А. А. Фет — поэт лирический, и только лирический, что было особенно ненавистно большинству его современников. И это удивляет, потому что при наличии самой развитой и передовой в мире литературы в России активно существовала самая реакционная и самая примитивная литературная критика. Единственное положение, которым руководствовался средний российский критик, — общественная полезность произведения; однако, несмотря на ругательные статьи, популярность Фета в России была чрезвычайно велика. Это свидетельствует как о большом его таланте, так и о необычайно высокоразвитом вкусе читающей публики. Содержанием поэзии Фета всегда была красота окружающего мира и природы и, конечно, любовь. В этом смысле действительно глубоко прав Писарев: стихи Фета бесполезны практически. В них ничего нет, кроме нежных движений человеческой души.

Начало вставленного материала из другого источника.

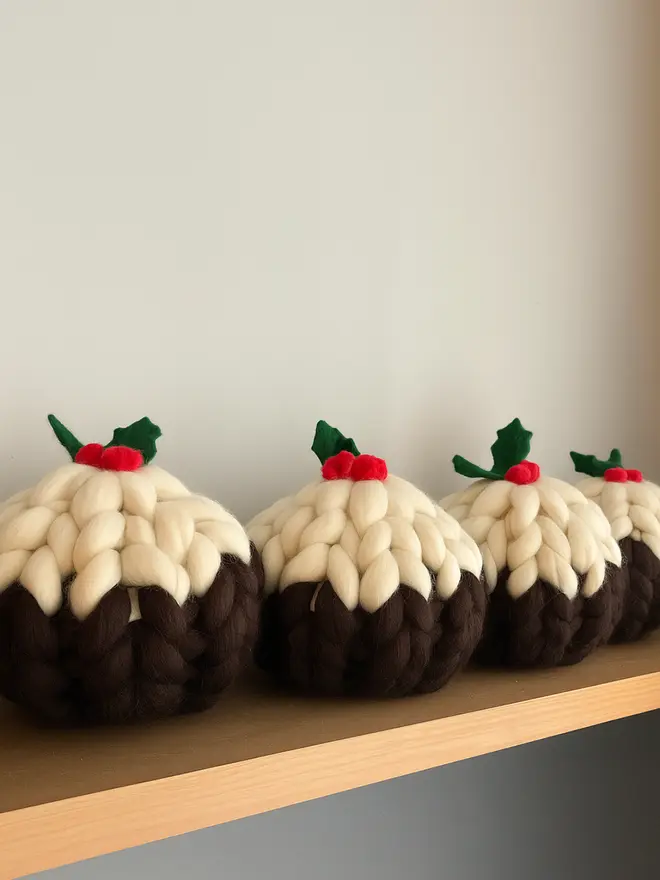Chunky Knitted Christmas Pudding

    В моем саду, в тени густых ветвей
    Поет в ночи влюбленный соловей.

    У Фета в стихах есть все, что должно быть в поэзии: “любовь и кровь”, “морозы и розы”. Его природа персонифицирована и одухотворена — это роднит его с Тютчевым:

    Как майский глубокий
    Зефир, ты, мой друг, хороша.

    У него все живо, все дышит, способно плакать, радоваться и грустить:

    В небесах летают тучи,
    На листах сверкают слезы,
    До росы шипки грустили,
    А теперь смеются розы.

    Часто, чтобы ярче представить сущность жизни, поэты создают для нее специальные образы. Так, Данте выписал человеческое зло в девяти грандиозных кругах своего “Ада”, Полонский стянул и сжал обычное содержание человеческой жизни в тесный мирок насекомых. Для Фета жизнь — в медленном, но беспечном сосуществовании природы и человека:

    Какой горючий пламень
    Зари в такую пору!
    Кусты и острый камень
    Сквозят по косогору.
    Ушли за днем послушно
    Последних туч волокна...
    О, как под кровлей душно,
    Хотя раскрыты окна.

    Поэзия для Фета — высший род художества. Она по-своему заключает в себе элементы всех других искусств. Как истинный поэт, он наделяет свое слово и музыкальными звуками и красками, и пластическими формами. У различных поэтов легко заметить преобладание того или другого из этих элементов. У Фета поэзия и живописна и музыкальна. Картины при роды, нарисованные Фетом в стихах, играют всеми цветами, а сами стихи звучат, как хорошо настроенный инструмент в руках мастера:

    Смотри, красавица, — на матовом фарфоре
    Румяный русский плод и южный виноград.
    Как ярко яблоко на лиственном узоре!
    Как влагой ягоды на солнышке горят.

    Мастер рисует эту картину медленными, тягучими, густыми мазками. Огромное количество глухих согласных в каждой строфе замедляет речь, делает ее тягучей, созвучной поэтическому языку XX века. Стоит вспомнить мандельштамовское: “Золотистого меда струя из кувшина текла...” — ритмический и музыкальный рисунок цитируемого стихотворения резонирует и совпадает с фетовской мелодикой и ритмикой.
    Образы природы, нарисованные Фетом, завораживают. Они безупречны. Но эта безупречность тепла и полна скрытой жизни:

    Уснули метели
    С печальной зимой,
    Грачи прилетели,
    Пахнуло весной.
    Широкая карта
    Полночной земли
    Чернеет, и марта
    Ручьи потекли.
    Для песни полночной
    Отныне живи,
    Душой непорочной
    Предайся любви.

    Даже запись в альбом, поэтический пустяк, он превращает в эстетическое событие: “Среди фиалок в царстве роз // Примите искренний поклон...” Его, фетовские леса “благоуханны”, тропинки “желты”, растения он наделяет “царственной мудростью”, луговая трава в его стихах “осыпана жемчугом”, а не росой, ночь “сладострастна”, а еще:

    На природе с каждой каплей
    Зеленеет вся одежда,
    В небе радуга сияет,
    Для души горит надежда.

    При всем различии разобранных здесь стихотворений они сходятся в том, что, по мысли и внутреннему чувству Фета, все значение поэзии — в безусловном, независимом от внешних или практических целей и намерений, самозаконном вдохновении, создающем то прекрасное, что по своему существу есть нравственное и доброе.
    Этим достаточно определяется значение поэзии Фета, а содержание ее раскрывается при последовательном прочтении всего ряда его стихотворений.